Na fila há 44 anos, o rubro-negro estava cansado de ganhar torneios inaugurais, turnos, disputar finais e falhar. Sob a batuta do atacante paraense Quarentinha, atleta que vestiria a “amarelinha” entre 1959 e 1963, o Leão da Barra enfiava 3×0 no Botafogo em março de 1954, faturando seu terceiro campeonato, o baiano de 1953. É campeão de terra e mar. Brigas de bastidores e alternâncias de conquistas até 1958 fazem tricolores e rubro-negros fuzilarem-se com olhares. Provocações, piadas, ódio, amor. O caldeirão baiano mistura todos os ingredientes: o Ba-Vi explodia e se consolidava como maior clássico do estado. O destino era ser o maior do Norte-Nordeste.

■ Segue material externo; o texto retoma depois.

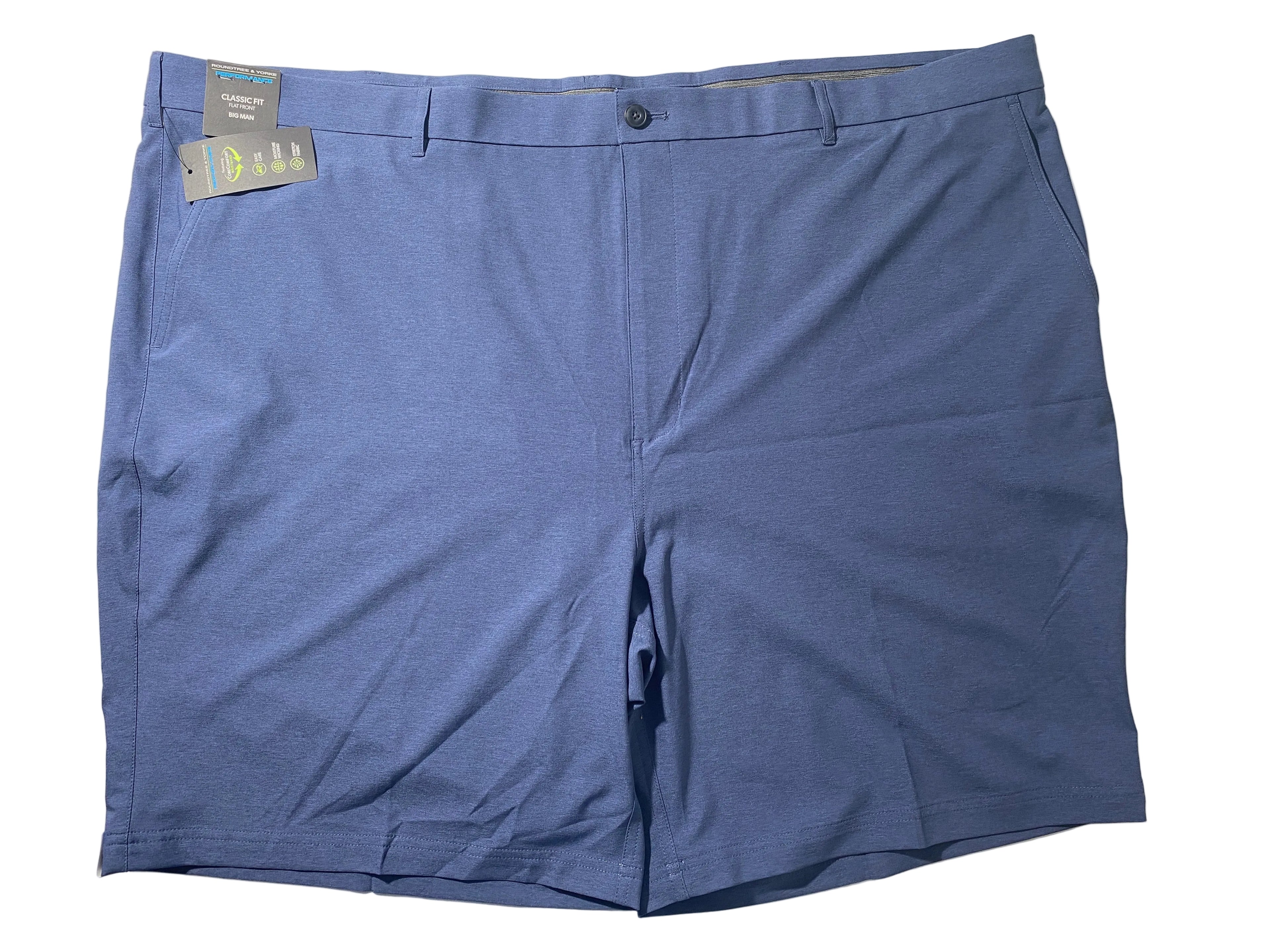 NEW Size 52 Big Mens Roundtree & Yorke Performance Chino Flat Shorts 9I Navy Htr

Times romperam relações por duas vezes na história
Por inúmeras vezes, Bahia e Vitória usaram o silêncio como aliança para manter o instável casamento. O imbróglio da final de 1999, em que um foi para o Barradão e o outro para a Fonte Nova, foi seguido por uma “guerra fria” nos bastidores, com acusações mútuas, muitas descabíveis. Em 2003, a falta de acordo entre os dirigentes com relação ao Campeonato do Nordeste fez o clássico, pela primeira vez, ser disputado por profissionais x juniores, a depender de quem era o mandante no estadual. Vexames e desrespeito aos torcedores à parte, talvez nada se aproxime da década de 50, quando as equipes oficialmente romperam relações.
Na terceira gestão de Waldemar da Costa, primeiro presidente do Bahia, as disputas pelo passe de atletas irritaram o dirigente a tal ponto que o clube emitiu nota oficial, em 1956, rompendo relações esportivas com o Vitória. O documento foi o “ponto parágrafo” em uma disputa iniciada um ano antes, quando o Leão buscava um ponta habilidoso para retomar o título ganho em 53 e perdido em 54. Tentou Isaltino, não deu. Partiu para Salvador, que tinha contrato com o tricolor, mas passe ainda preso ao Fortaleza. Bingo, com aval do Conselho Regional de Desportos no “tapetão”. O Bahia buscou retribuir assediando o ponta Quarentinha de todas as maneiras, porém falhou.
Com alguns meses como presidente, o folclórico Osório Vilas Boas aceitou disputar a Taça da Amizade em 5 de agosto de 1958 para fazer as pazes com o Vitória. O 5×1 o enche de alegria. Quando a folhinha do calendário indica 17 de outubro, nova briga. Iga, contratado pelo Bahia, termina no Vitória. Nova nota oficial é emitida, afirmando que as relações se restringem a campeonatos organizados pela Liga Bahiana de Desportos Terrestres, hoje denominada Federação Bahiana de Futebol. O curioso é que o Bahia também estava em crise com a instituição comandada por Walney Machado e só foi proclamado campeão baiano de 1958 em meados de 1959 pelo Tribunal de Justiça Desportiva. O título permitiu ao clube disputar a primeira Taça Brasil, organizada pela Confederação Brasileira de Desportos, atualmente Confederação Brasileira de Futebol.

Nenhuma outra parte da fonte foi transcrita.